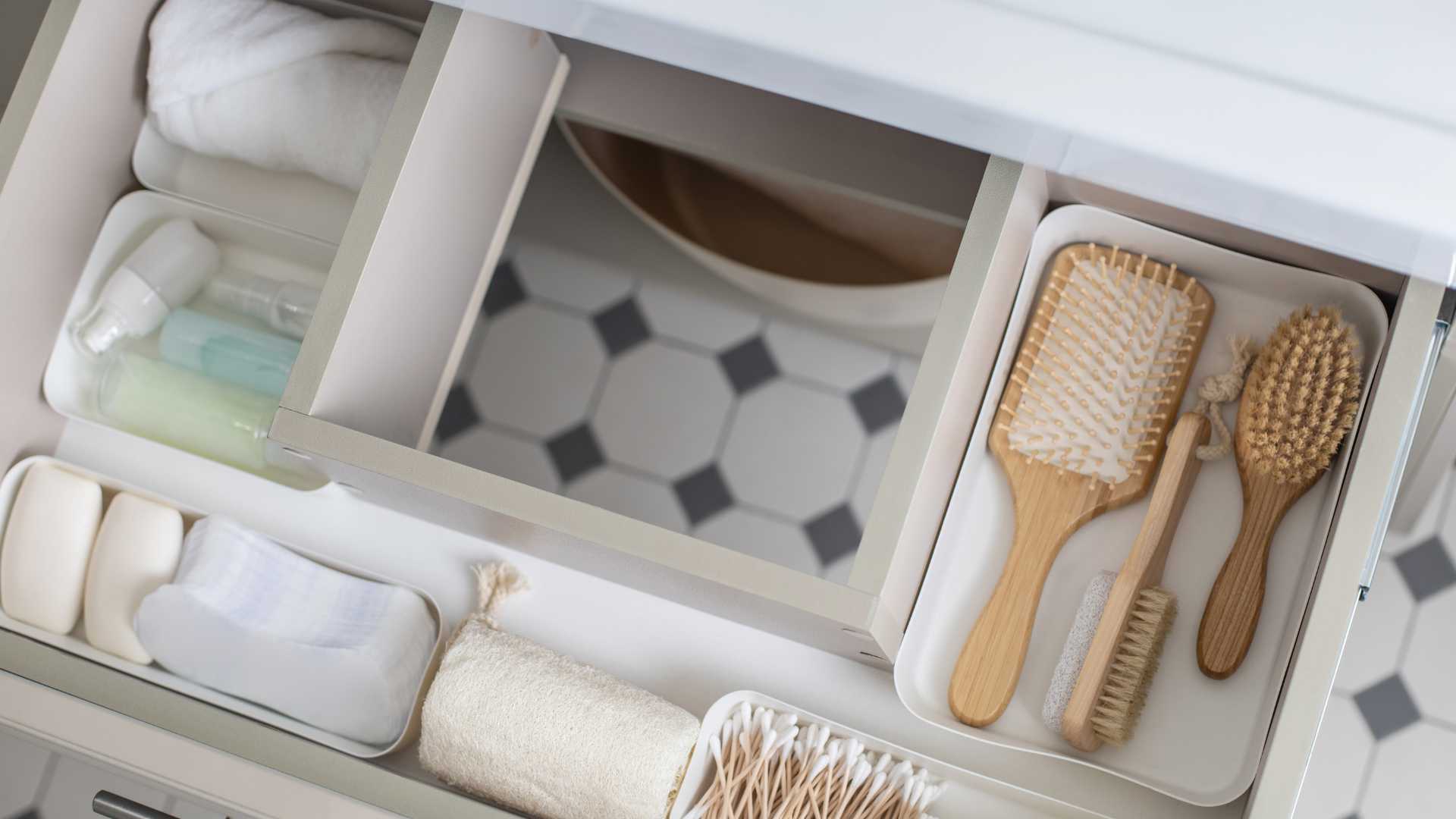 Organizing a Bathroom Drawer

* * *

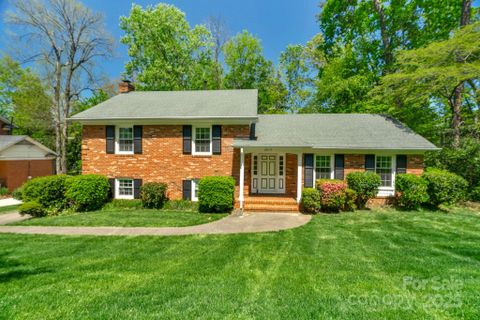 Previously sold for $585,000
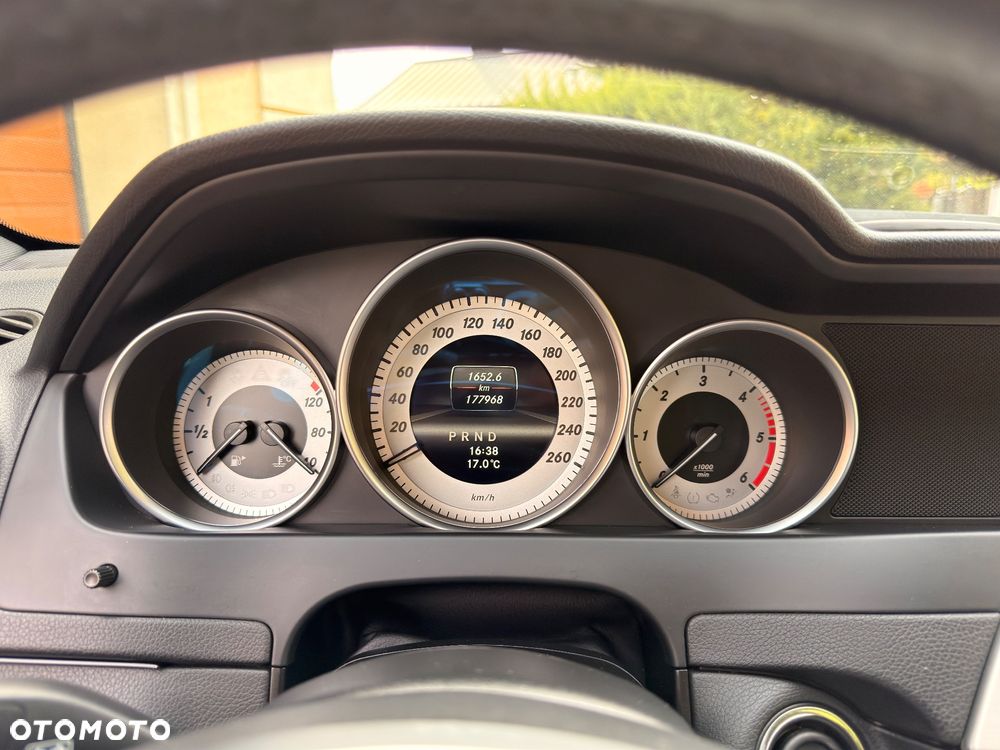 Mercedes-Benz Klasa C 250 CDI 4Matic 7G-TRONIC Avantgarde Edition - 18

_Goal of the exercise_
Nothing but the lines above from the one that has "Previously sold for $585,000" down to the one that has "Mercedes-Benz Klasa C" belongs in the answer, copied exactly, without pictures.

_Response to this task_
 Previously sold for $585,000
 Mercedes-Benz Klasa C 250 CDI 4Matic 7G-TRONIC Avantgarde Edition - 18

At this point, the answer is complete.